El Niño intensified the drought, but drought was only the accelerant. The fuel was policy. Peer-reviewed research shows that deforestation and drainage made Indonesian peatlands newly vulnerable to fire. Once canals dry peat, fire no longer stays on the surface. It smolders underground, emits enormous quantities of PM2.5, and turns land-clearing into regional poisoning. A 2021 Nature Communications study estimated the 2015 fires caused $28 billion in losses when longer-term health impacts are counted, and concluded that completed peatland restoration could have prevented about 12,000 premature deaths in 2015 alone. This is not nature striking back. It is a supply-chain design failure.

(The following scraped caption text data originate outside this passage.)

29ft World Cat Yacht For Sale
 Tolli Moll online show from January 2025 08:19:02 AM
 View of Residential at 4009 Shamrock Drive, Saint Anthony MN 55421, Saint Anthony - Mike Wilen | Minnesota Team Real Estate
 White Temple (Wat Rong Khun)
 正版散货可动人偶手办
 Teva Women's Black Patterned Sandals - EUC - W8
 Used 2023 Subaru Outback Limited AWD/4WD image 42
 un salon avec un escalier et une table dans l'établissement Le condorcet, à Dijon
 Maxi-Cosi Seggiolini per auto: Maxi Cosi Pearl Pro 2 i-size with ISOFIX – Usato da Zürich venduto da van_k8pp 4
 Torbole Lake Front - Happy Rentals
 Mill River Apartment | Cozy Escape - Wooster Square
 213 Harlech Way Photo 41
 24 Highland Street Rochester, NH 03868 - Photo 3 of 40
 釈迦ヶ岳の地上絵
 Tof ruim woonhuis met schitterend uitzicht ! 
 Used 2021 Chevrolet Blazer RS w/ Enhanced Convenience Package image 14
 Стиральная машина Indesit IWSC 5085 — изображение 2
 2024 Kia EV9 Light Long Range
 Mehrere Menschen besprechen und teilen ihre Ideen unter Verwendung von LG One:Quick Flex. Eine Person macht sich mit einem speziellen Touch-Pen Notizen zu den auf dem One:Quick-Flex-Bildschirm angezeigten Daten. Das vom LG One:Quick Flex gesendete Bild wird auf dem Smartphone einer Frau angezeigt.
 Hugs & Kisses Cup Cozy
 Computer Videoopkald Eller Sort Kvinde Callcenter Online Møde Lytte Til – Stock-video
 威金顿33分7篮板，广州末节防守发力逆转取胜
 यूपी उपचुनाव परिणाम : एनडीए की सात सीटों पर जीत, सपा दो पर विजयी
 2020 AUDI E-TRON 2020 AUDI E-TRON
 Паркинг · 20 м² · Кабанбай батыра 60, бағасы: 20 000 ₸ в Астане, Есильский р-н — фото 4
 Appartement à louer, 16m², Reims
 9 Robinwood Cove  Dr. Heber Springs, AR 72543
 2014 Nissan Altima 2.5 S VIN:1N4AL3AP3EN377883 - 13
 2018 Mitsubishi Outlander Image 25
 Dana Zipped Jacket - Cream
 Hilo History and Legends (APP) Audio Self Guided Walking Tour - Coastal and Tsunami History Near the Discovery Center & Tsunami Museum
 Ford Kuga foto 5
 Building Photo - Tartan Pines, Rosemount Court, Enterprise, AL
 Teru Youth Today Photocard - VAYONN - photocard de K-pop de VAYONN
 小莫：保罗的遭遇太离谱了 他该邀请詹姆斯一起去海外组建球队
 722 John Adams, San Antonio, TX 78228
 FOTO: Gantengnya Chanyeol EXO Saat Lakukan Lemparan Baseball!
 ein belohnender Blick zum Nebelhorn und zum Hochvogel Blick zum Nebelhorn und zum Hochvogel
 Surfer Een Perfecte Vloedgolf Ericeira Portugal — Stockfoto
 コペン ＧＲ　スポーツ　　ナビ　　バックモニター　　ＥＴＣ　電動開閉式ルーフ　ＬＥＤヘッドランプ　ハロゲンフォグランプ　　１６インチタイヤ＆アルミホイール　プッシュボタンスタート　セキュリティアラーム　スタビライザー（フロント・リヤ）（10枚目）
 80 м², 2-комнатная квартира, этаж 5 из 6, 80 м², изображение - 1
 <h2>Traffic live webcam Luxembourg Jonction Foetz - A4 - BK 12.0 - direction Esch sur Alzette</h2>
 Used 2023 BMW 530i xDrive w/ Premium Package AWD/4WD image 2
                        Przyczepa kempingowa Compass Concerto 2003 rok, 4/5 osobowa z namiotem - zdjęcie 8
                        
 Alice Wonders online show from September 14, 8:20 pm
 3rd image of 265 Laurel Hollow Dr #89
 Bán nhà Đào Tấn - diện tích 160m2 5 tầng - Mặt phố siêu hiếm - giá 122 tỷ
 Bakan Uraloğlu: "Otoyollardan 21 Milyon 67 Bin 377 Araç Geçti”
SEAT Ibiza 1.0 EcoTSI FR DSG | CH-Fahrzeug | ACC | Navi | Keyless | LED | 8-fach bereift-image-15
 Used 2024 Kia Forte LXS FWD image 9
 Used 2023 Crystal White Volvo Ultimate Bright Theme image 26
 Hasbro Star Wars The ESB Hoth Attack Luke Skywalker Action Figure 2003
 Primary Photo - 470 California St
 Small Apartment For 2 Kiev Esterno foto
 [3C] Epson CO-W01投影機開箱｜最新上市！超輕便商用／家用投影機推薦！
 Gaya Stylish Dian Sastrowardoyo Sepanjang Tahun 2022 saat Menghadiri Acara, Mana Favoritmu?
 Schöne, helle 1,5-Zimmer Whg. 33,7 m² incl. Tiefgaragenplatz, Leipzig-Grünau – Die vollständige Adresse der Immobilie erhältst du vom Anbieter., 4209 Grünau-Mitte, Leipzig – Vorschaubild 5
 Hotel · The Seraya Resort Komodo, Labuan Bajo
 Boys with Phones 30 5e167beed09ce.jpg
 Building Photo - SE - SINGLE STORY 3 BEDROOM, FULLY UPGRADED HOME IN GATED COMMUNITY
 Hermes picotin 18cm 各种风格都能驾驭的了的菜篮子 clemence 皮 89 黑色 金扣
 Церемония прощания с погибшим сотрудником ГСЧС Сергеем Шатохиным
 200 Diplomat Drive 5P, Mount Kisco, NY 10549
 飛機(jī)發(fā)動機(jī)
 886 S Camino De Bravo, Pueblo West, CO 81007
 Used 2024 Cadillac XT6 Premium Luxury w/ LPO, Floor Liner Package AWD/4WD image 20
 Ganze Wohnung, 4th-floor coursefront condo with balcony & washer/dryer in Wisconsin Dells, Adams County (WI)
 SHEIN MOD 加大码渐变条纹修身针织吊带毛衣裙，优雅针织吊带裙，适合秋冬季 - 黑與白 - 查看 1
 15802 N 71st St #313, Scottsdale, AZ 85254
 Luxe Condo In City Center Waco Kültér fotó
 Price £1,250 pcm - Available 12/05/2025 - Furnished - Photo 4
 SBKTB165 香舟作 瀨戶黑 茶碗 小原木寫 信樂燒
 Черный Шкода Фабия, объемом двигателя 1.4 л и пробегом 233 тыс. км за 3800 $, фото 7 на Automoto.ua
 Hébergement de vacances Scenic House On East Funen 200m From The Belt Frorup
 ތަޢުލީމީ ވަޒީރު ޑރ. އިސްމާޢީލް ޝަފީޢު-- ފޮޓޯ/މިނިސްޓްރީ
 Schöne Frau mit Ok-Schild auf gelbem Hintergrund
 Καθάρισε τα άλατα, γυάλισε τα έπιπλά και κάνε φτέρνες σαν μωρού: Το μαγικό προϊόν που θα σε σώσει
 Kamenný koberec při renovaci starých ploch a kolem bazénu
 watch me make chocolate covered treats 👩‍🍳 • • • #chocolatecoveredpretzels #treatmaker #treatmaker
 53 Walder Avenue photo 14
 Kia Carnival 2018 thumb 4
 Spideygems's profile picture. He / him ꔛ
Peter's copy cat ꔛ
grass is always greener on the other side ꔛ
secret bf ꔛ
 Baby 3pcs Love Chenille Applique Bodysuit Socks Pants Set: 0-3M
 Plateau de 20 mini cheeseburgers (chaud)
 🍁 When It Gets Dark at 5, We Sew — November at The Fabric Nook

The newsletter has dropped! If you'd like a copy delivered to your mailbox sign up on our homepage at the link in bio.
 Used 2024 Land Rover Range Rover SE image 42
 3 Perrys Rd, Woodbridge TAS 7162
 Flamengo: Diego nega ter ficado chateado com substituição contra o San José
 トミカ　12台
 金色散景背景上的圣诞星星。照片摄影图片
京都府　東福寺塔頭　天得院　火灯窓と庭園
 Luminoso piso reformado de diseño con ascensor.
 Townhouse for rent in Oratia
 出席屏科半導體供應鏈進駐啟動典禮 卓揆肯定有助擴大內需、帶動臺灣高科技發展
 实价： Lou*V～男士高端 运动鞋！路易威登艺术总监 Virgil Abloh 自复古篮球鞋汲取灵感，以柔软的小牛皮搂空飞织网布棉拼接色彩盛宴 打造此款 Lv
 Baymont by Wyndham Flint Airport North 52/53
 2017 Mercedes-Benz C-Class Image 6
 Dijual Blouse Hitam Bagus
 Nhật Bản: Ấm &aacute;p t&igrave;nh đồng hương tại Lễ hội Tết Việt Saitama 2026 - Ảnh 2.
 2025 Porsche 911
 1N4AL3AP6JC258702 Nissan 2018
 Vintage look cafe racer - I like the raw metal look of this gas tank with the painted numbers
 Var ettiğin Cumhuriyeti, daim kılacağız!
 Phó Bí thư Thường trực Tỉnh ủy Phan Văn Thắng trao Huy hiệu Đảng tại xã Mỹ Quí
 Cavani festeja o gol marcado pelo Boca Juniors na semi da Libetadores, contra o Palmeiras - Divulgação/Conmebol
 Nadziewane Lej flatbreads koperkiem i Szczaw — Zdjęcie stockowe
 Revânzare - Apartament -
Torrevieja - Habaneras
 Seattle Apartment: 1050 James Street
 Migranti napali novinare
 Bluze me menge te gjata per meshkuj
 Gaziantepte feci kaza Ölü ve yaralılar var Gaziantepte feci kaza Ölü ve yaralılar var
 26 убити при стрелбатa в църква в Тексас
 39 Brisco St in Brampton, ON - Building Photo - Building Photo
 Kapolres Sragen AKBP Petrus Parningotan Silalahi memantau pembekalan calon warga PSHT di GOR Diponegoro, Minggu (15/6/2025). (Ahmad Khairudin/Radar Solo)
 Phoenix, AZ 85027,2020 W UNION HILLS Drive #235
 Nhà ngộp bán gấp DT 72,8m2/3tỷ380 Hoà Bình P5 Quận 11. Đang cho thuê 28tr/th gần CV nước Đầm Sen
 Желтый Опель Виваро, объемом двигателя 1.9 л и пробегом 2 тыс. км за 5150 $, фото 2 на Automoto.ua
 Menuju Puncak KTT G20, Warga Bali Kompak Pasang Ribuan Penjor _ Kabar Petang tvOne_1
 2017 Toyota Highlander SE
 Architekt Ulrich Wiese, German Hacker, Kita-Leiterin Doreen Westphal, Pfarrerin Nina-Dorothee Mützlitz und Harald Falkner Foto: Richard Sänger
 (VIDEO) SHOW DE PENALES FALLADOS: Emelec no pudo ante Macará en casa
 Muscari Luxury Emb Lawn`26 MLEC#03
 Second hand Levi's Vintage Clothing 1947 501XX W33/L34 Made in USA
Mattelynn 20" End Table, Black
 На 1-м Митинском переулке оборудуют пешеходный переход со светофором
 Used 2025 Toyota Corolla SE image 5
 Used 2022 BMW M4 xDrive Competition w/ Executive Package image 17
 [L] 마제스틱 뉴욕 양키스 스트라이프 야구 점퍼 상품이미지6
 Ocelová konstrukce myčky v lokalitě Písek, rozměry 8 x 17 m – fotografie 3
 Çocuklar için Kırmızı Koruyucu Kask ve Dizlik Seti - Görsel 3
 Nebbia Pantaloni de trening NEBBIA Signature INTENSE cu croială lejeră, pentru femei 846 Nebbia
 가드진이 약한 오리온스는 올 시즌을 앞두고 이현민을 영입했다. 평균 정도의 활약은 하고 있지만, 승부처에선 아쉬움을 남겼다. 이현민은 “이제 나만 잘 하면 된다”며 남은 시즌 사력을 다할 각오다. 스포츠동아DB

How often accountability evaporated
The state knew where to look. Reuters reported in 2015 that Indonesia suspended four companies and was investigating more than 200 over haze-linked fires. But the legal record that followed was far weaker than the scale of harm demanded. A court later rejected the government’s case against PT Bumi Mekar Hijau, a supplier to Asia Pulp & Paper. In Riau, police dropped investigations into 15 firms the environment ministry had linked to the 2015 burning. By 2020, legal advocates were still saying enforcement had stalled around 349 palm, pulp, and paper companies tied to fires since 2015. Even Indonesia’s 2019 citizen-suit ruling said the government still had more to do, including naming landowners on burned land and issuing compensation rules.
The warning is current
This is not closed history. A 2024 study of the 2019 Indonesian peat fire crisis estimated more than 87,000 excess deaths nationwide from fire-induced PM2.5. Another 2024 study using 2023 dry-season measurements in Central Kalimantan found mean outdoor PM2.5 at 136 μg/m3, with 1.62 million people exposed to unhealthy, very unhealthy, or dangerous air. Meanwhile, Indonesia’s palm plantation moratorium expired in 2021, plantation area had expanded to 17.3 million hectares by 2024, and officials were still seizing millions of hectares and revoking permits in late 2025 and early 2026 over illegal forest operations and environmental breaches. The lesson for the world is blunt:
When drained peat, opaque concessions, and weak enforcement become normal, mass death returns disguised as haze season.